The public static toHex(String) method must convert the string representation of a binary number, received as an input parameter, from the binary numeral system to hexadecimal and return its string representation.
And conversely, the public static toBinary(String) method converts from the string representation of a hexadecimal number to the string representation of a binary number.

The methods only work with non-empty strings.
If the input parameter is an empty string or null, then both methods return an empty string.
If the input parameter of the toHex(String) method contains any character other than 0 or 1, then the method returns an empty string.
If the input parameter of the toBinary(String) method contains any character other than digits from 0 to 9 or lowercase Latin letters from a to f, then the method returns an empty string.

Your task is to implement these methods.

One algorithm for converting the string representation of a binary number to the string representation of a hexadecimal number is as follows:

We check the length of the string received in the input parameter. It must be a multiple of 4.
If this is not the case, then add the required number of 0s to the beginning of the string.
We take every four characters (bits) and check which hexadecimal character they correspond to.

For example:

the binary representation is "100111010000", where "1001" is "9", "1101" is "d", and "0000" - "0"
the hexadecimal representation is "9d0".

One algorithm for converting the string representation of a hexadecimal number to the string representationof a binary number is as follows:
We take each character and check which binary number (4 bits) it corresponds to.

For example:

the hexadecimal representation is "9d0", where "9" is "1001", "d" is "1101", and "0" is "0000"
the binary representation is "100111010000".

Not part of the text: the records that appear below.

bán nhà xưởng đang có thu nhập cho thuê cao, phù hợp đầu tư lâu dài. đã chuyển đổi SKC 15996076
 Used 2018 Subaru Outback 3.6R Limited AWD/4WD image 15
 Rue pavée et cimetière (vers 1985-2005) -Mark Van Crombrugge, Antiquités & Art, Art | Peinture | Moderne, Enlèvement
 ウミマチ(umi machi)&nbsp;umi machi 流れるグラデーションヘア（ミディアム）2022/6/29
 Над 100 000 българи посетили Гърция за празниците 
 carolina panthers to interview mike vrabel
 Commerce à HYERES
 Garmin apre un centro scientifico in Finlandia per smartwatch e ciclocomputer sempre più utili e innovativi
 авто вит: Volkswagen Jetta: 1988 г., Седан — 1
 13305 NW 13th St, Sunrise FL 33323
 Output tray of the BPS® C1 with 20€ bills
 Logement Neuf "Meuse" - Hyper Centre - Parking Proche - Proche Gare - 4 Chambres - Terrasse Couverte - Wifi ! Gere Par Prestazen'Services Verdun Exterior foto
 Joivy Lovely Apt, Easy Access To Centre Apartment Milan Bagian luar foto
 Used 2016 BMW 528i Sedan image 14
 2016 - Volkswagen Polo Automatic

The main() method is not involved in testing.

Requirements:

The toHex(String) method needs to be implemented as outlined in the task conditions.
The toBinary(String) method needs to be implemented as outlined in the task conditions.
The Integer.toBinaryString(int) and Long.toBinaryString(int) methods cannot be used.
The Integer.toHexString(int) and Long.toHexString(int) methods cannot be used.
The Integer.parseInt(String, int) and Long.parseLong(String, int) methods cannot be used.
The Integer.toString(int, int) and Long.toString(long, int) methods cannot be used.
You cannot use a BigInteger object.
You cannot use a BigDecimal object.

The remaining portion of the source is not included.